• Recorded data:
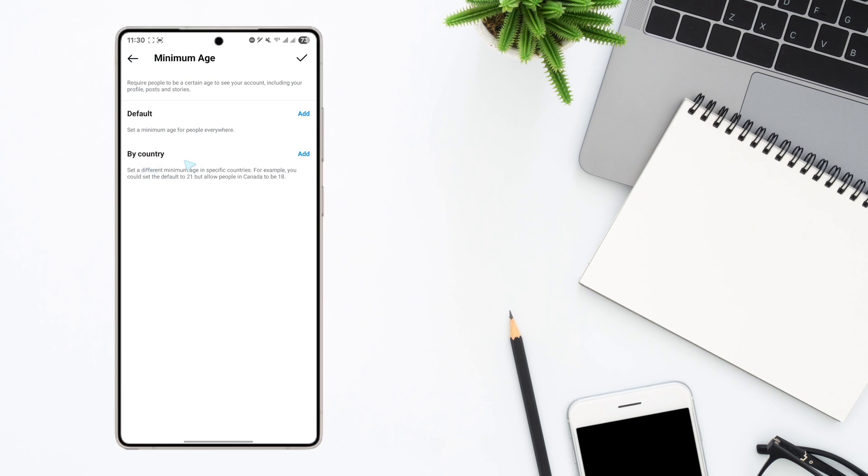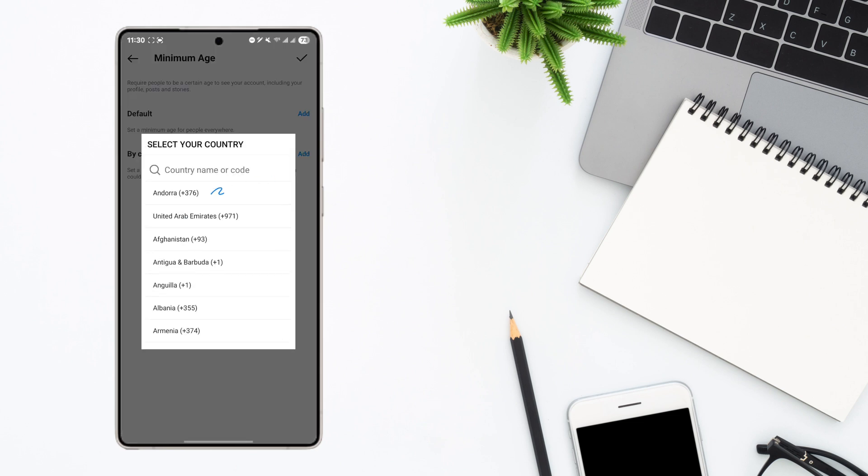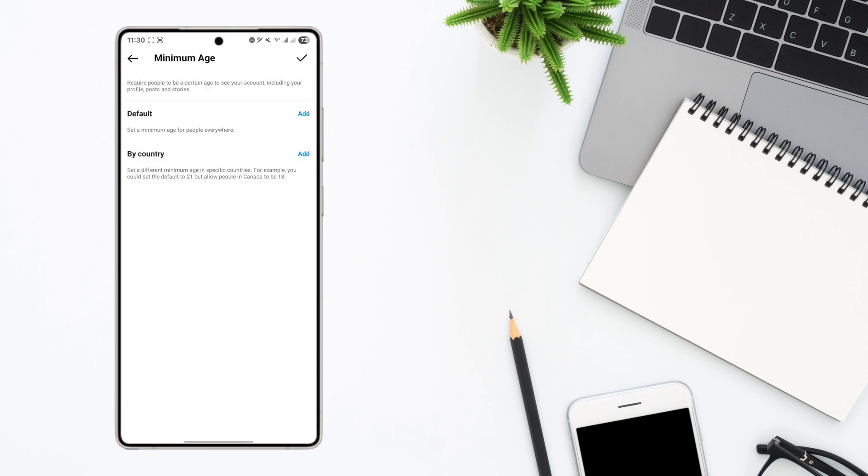So once you do that you can tap on by country, tap on add, search for the country that you want to block and set a minimum age and then just enter the age amount to block those people.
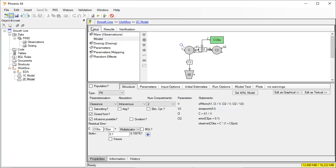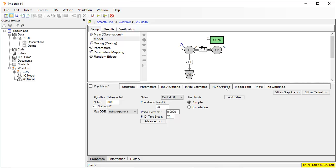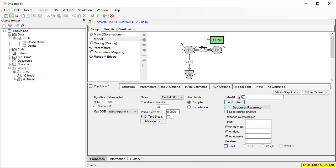Now we click on the Run Options tab below and select Add Table. A table requests an additional worksheet in the output. In our case, we want many time points of the prediction.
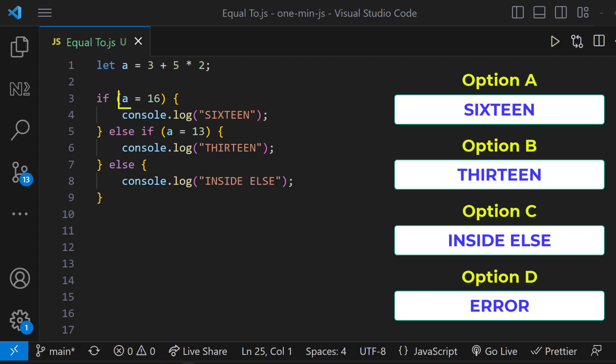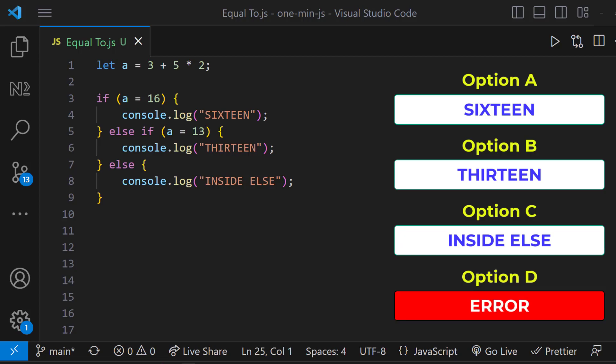But have you noticed this? We have only one equal to. So you may get a doubt whether this program runs correctly. Yes, this will run without error. So option D is wrong.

• Task details:
Give back the material word for word, without images.

• Task result:
So once you do that you can tap on by country, tap on add, search for the country that you want to block and set a minimum age and then just enter the age amount to block those people.
Now we click on the Run Options tab below and select Add Table. A table requests an additional worksheet in the output. In our case, we want many time points of the prediction.
But have you noticed this? We have only one equal to. So you may get a doubt whether this program runs correctly. Yes, this will run without error. So option D is wrong.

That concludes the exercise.